Есенин с досадой махнул рукой. А через несколько секунд он расхохотался и сказал:
- Тебя никак не проведешь! - И после паузы добавил: - Вот что, Рюрик. Я женюсь на Софье Андреевне Толстой.
В скором времени состоялся брак Есенина с С. А. Толстой.
Есенин так любил шутить и балагурить и делал это настолько тонко и умно, что ему часто удавалось ловить многих "на удочку". Мне рассказывали уже значительно позже некоторые из тех, с кем говорил Есенин о своем, тогда еще только предполагавшемся браке, что они до сих пор убеждены, что Есенин всерьез спрашивал их совета, на ком жениться, на Толстой или на Шаляпиной.
Запомнилась мне еще одна беседа с Есениным, относящаяся к тому же периоду, когда однажды я показал ему афишу большого концерта, в котором я участвовал; он прежде всего обратил внимание не на известные имена, а на извещение в самом конце афиши, что "зал будет отоплен". Когда я выразил свое удивление, что он обращает внимание на такие мелочи, он ответил: "Эти мелочи для историков будут иметь более важное значение, чем имена людей, которые и без афиши не будут забыты".
И тут же он мне привел пример из моего документа 1918 года, который я ему незадолго до этого показывал.
Это была официальная бумага с тремя подписями: наркома просвещения А. В. Луначарского, управделами Наркомата Покровского (однофамильца историка М. Н. Покровского и известного в свое время лектора В. К. Покровского) и начальника канцелярии К. А. Федина, но не однофамильца известного писателя Константина Федина, а его самого. Эта любопытная бумага гласила:
"Прошу выдать моему секретарю тов. Ивневу Р. А. теплые перчатки, которые ему крайне нужны, так как ему часто приходится разъезжать по служебным делам в открытом экипаже".
Есенин, который до упаду хохотал, когда я первый раз показал ему бумагу, теперь, вспомнив о ней, сказал:
- Вот видишь, что значит мелкая подробность: сейчас, спустя четыре года после ее появления на свет, она стала сверхлюбопытная, а что же будет через десять лет? Ведь она скажет будущим историкам больше, чем свод постановлений об улучшении бытовых условий жизни, если таковой бы существовал. Теперь ты понял, какое значение имеют так называемые "мелкие подробности"?

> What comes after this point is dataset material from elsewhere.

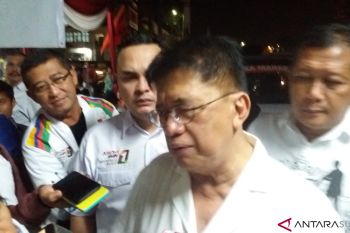 TKD Jokowi gelar nobar dan diskusi di Palembang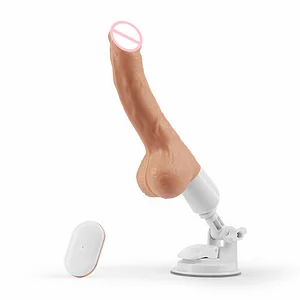 Automatic Telescopic Vibration Gun – Smart Wireless Remote Control for Female Masturbation Simulation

Эти слова Есенина я вспоминаю всегда, когда мне приходится писать воспоминания о тех или иных лицах, вошедших в историю нашей страны или в историю нашей литературы.
Говорят, что время - лучший лекарь. И все же этот "лучший лекарь" никогда не может нас окончательно вылечить от боли, которую мы испытывали, теряя лучших друзей. Эта боль то затихает, то опять вспыхивает. И вот с этой вновь вспыхнувшей болью я и заканчиваю мои воспоминания о Есенине. Но эта горечь смягчается сознанием, что того, о ком я вспоминаю, помнит вся Россия, помнит весь многонациональный Союз родных и близких нашему сердцу народов.
Воспоминания о Всеволоде Мейерхольде
…На моих глазах умирал царь, самый жестокий из всех русских царей, а я умирал от восторга. Это было в 1903 году, в Тифлисе. Мне едва исполнилось двенадцать лет. Затаив дыхание я следил за последними минутами жизни Ивана Грозного, который восстал из гроба как бы только для того, чтобы умереть еще раз на сцене переполненного театра "Артистического общества".
Это был настоящий Иван Грозный, это была настоящая смерть, это было настоящее чудо. Так казалось мне тогда.
А на самом деле я впервые увидел изумительного актера Всеволода Эмильевича Мейерхольда, перевоплотившегося в Ивана Грозного.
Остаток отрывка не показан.